EXERCISE DATA
*** Block opens ***
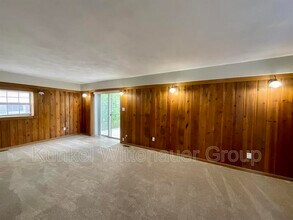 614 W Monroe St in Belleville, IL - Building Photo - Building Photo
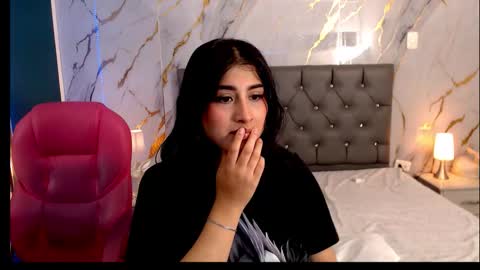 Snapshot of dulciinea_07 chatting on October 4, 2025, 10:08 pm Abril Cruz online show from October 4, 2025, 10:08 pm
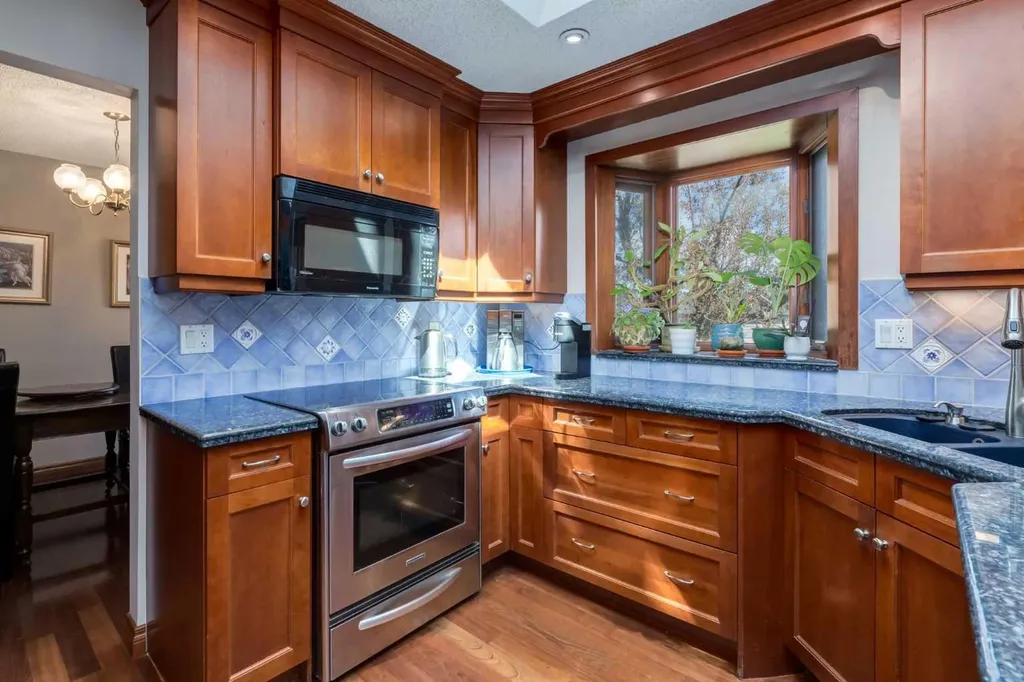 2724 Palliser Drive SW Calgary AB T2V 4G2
*** Block closes ***
REQUIRED WORK
Please retype the lines from the one that contains "Snapshot of dulciinea_07" through the final line of the data, both included, without any pictures.

SOLUTION
 Snapshot of dulciinea_07 chatting on October 4, 2025, 10:08 pm Abril Cruz online show from October 4, 2025, 10:08 pm
 2724 Palliser Drive SW Calgary AB T2V 4G2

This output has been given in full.